KE5106 - Web scraping

In this assessment, we are going to scrap hungrygowhere and foursquare for restaurants and reviews data. The data will be store in MongoDB.

Pre-requisites

Initial setup

Install python libraries by running:

pip install -r requirements.txt

How to run

Notes: Scripts need to be run in this sequence.

1 - Hungrygowhere

Go to ./1-hungrygowhere/ folder.

1. Locate your phantomjs or chromedriver
2. Open hungrygowehere.py
3. Go to `get_browser` function and update location of phantomjs or chromedriver accordingly.

Run script by running:

python hungrygowhere.py

Additional configuration can be seen in config.py.

2 - Foursquare

We need to register for Foursquare API to run this script. Free account can call the API 50-500 times a day. Premium account is needed to scrap the whole data.
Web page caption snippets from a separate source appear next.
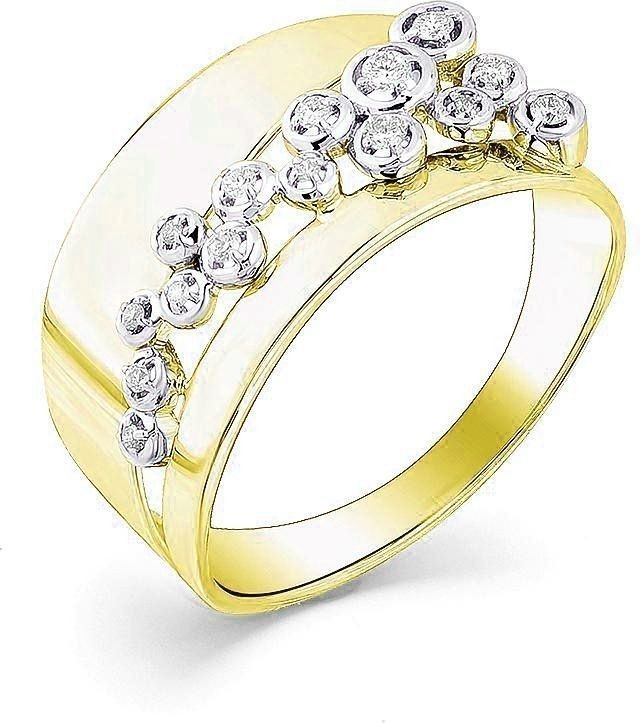 Кольцо с Бриллиантом B-16320-D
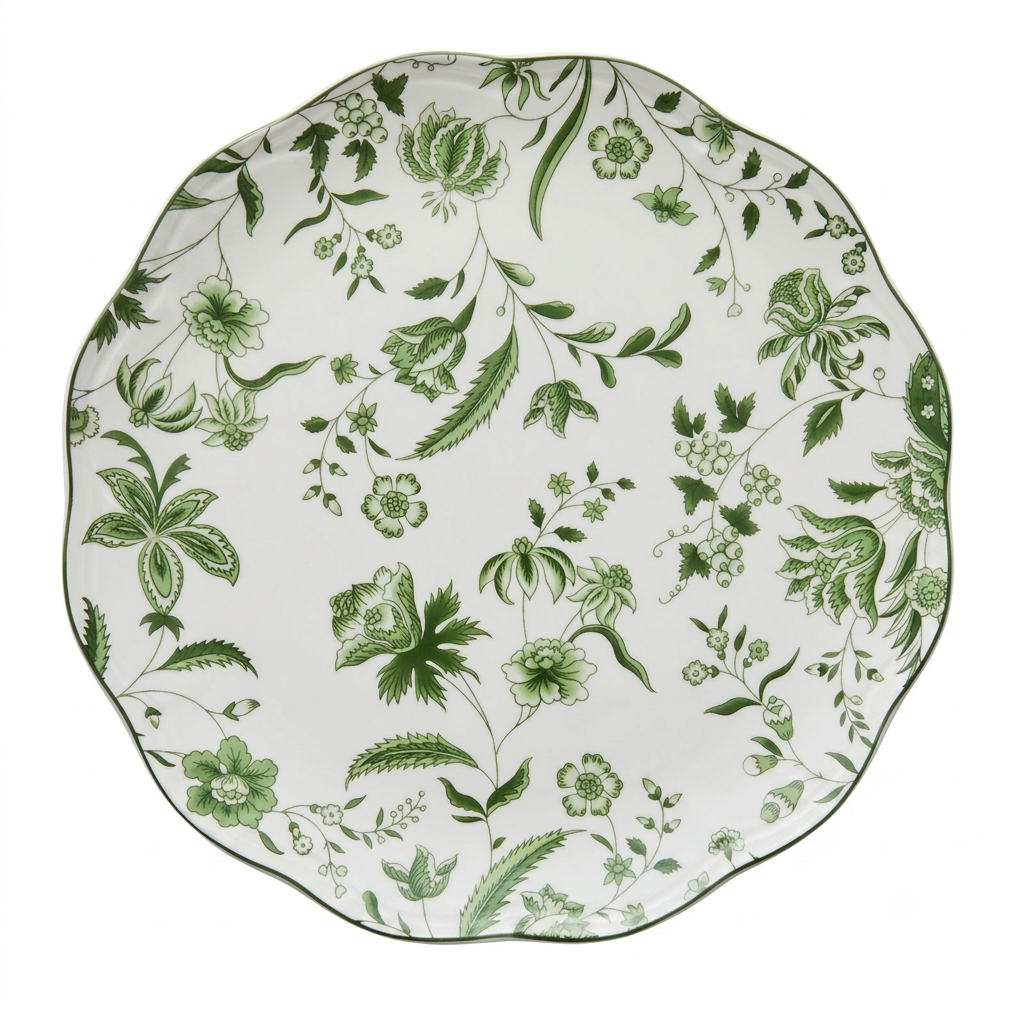 Eleanor Fern Charger Plate (12'')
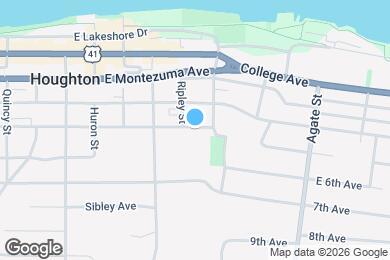 Map image of the property - 807 E South Ave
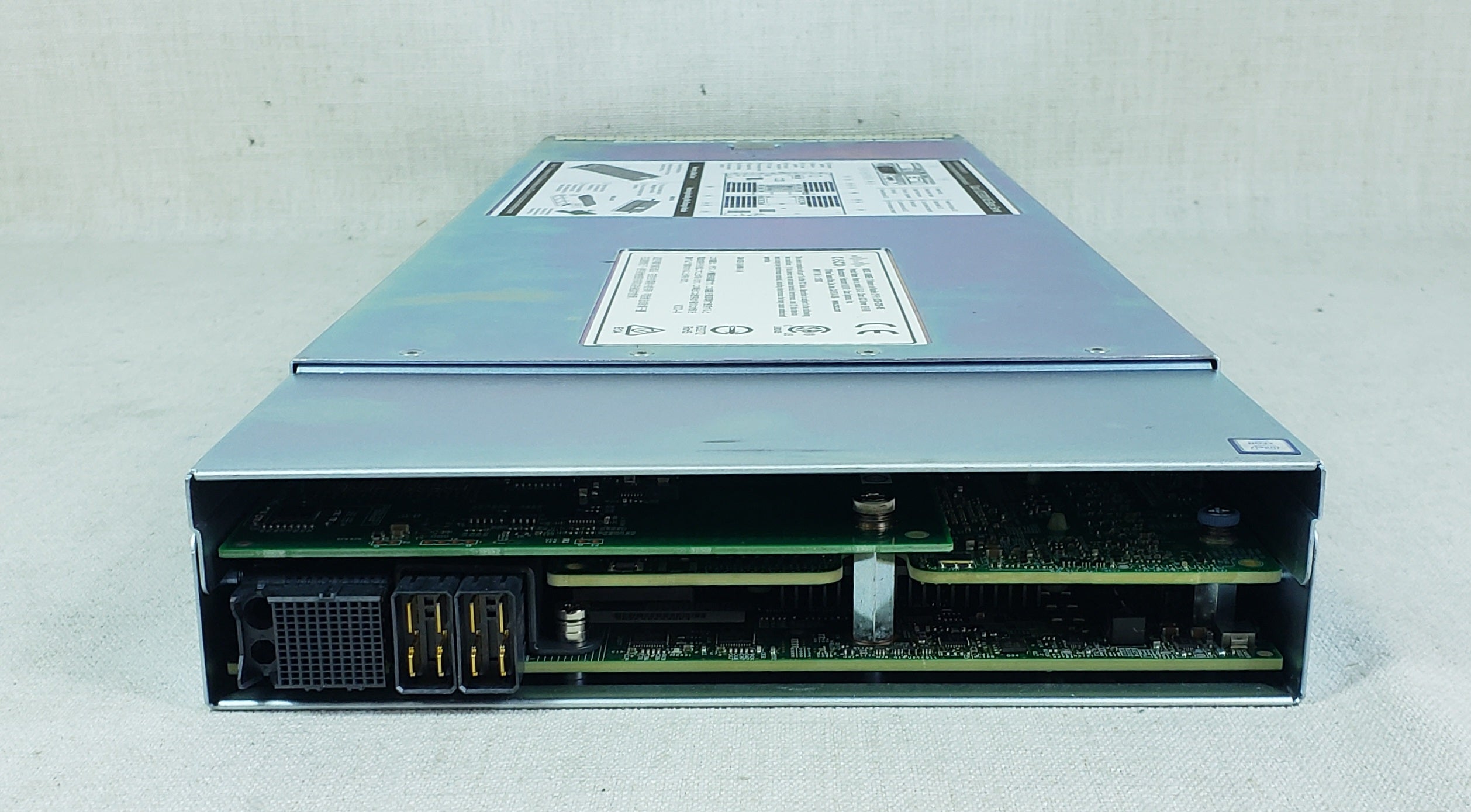 Cisco UCSB-B200-M5 Blade Server 2x 10C Silver 4114 2.2GHz CPU 256GB RAM VIC1340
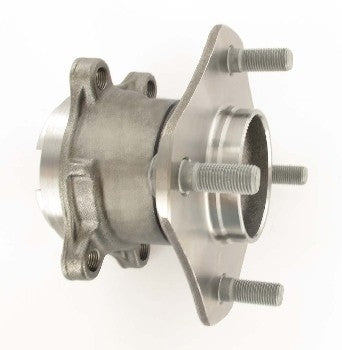 Angle View of Rear Axle Bearing and Hub Assembly SKF BR930691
More details can be seen here.

Go to ./2-hungrygowhere/ folder.

1. Open config.py
2. Update CLIENT_ID and CLIENT_SECRET with your foursquare account CLIENT_ID and CLIENT_SECRET.

Run script by running:

python foursquare.py

Additional configuration can be seen in config.py.

3 - Merge hungrygowhere and foursquare

Go to ./3-merge/ folder.

Run script by running:

python merge.py

Additional configuration can be seen in config.py.

4 - Sentiment analysis on reviews

Go to ./4-sentiment-analysis/ folder.

Run script by running:

python sentiment_analysis.py

Additional configuration can be seen in config.py.